The problem is this: Ahmed’s clock wasn’t a bomb, and the “actual suitcase bomb” isn’t a bomb either.
The only similarities between the two are a bunch wires, computer boards, and power cords. Because every “movie bomb” has a power cord.
Conspicuously missing from each photo is C4, blasting caps, dynamite, nitro glycerin, or gunpowder. The stuff that goes “BOOM.”
How do we know the meme is not a legitimate comparison? Because the image on the right is of a Honeywell demo case. In 2007, an author at Symbiotic Publishing chronicled his trip to Malta and said,
I assume that if you buy a ticket at the last minute in Frankfurt traveling alone to a foreign location that you get a little extra attention from the Bundespolizei. I just hope that they will have all the the time they need to search my bag and still get it on the flight.
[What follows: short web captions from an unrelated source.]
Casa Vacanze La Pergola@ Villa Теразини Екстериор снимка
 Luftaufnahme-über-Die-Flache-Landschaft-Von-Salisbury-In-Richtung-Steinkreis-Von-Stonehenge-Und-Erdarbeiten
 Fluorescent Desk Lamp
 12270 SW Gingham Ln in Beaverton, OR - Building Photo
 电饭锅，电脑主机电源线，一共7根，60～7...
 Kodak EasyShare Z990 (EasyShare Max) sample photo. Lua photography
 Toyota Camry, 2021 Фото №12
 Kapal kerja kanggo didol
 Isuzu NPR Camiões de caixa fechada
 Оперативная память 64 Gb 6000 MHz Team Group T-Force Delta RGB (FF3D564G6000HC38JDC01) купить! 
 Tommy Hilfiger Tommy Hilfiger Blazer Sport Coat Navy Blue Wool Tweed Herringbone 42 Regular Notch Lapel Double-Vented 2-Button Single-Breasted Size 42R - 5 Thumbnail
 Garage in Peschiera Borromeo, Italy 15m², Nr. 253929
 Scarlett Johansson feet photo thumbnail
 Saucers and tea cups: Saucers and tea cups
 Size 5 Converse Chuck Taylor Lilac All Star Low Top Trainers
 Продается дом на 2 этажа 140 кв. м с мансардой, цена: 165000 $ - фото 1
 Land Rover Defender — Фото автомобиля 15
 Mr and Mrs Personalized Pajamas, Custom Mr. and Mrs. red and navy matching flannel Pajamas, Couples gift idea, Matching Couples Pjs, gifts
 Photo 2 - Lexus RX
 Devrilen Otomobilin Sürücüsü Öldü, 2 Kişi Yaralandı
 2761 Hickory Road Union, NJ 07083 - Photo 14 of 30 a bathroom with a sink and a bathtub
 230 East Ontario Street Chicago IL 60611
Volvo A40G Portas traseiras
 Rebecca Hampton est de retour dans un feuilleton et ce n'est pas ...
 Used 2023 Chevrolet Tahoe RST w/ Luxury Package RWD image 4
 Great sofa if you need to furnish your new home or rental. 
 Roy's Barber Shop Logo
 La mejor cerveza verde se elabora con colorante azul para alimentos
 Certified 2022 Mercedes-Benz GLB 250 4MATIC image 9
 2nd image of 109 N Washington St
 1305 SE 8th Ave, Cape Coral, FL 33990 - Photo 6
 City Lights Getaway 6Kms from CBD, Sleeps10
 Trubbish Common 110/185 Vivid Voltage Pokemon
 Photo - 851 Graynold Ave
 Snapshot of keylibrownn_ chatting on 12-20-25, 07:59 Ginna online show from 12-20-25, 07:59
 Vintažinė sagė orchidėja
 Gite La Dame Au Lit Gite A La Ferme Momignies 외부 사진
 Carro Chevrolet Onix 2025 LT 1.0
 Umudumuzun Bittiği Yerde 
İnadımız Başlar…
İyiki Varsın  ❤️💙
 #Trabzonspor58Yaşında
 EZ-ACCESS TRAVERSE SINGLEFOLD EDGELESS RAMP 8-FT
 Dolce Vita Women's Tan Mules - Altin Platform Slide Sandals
I’m also happy I didn’t bring the Honeywell demo kit with me it since it is full of electronics and switches and I’m sure it would have raised some questions. [Emphasis mine.]
The section included this photo tagged “Malta, photos, suitcase”:
Ahmed’s pencil case is 8.5 x 5.5 x 2.5 inches as determined by this writer who reverse engineered the clock. (He’s no defender of Ahmed, but proves all the parts are clock-related since they came from another clock.) Scaling from the size of the Novell tag and travel tags on the demo case handle, it’s easy to see a width of 16-18 inches, a depth of 4-5 inches and 10-12 inches from hinges to clasps. These cases are not remotely the same size.
And, neither are bombs. The meme is erroneous where it matters most, and that fact may reveal the intent of its creator.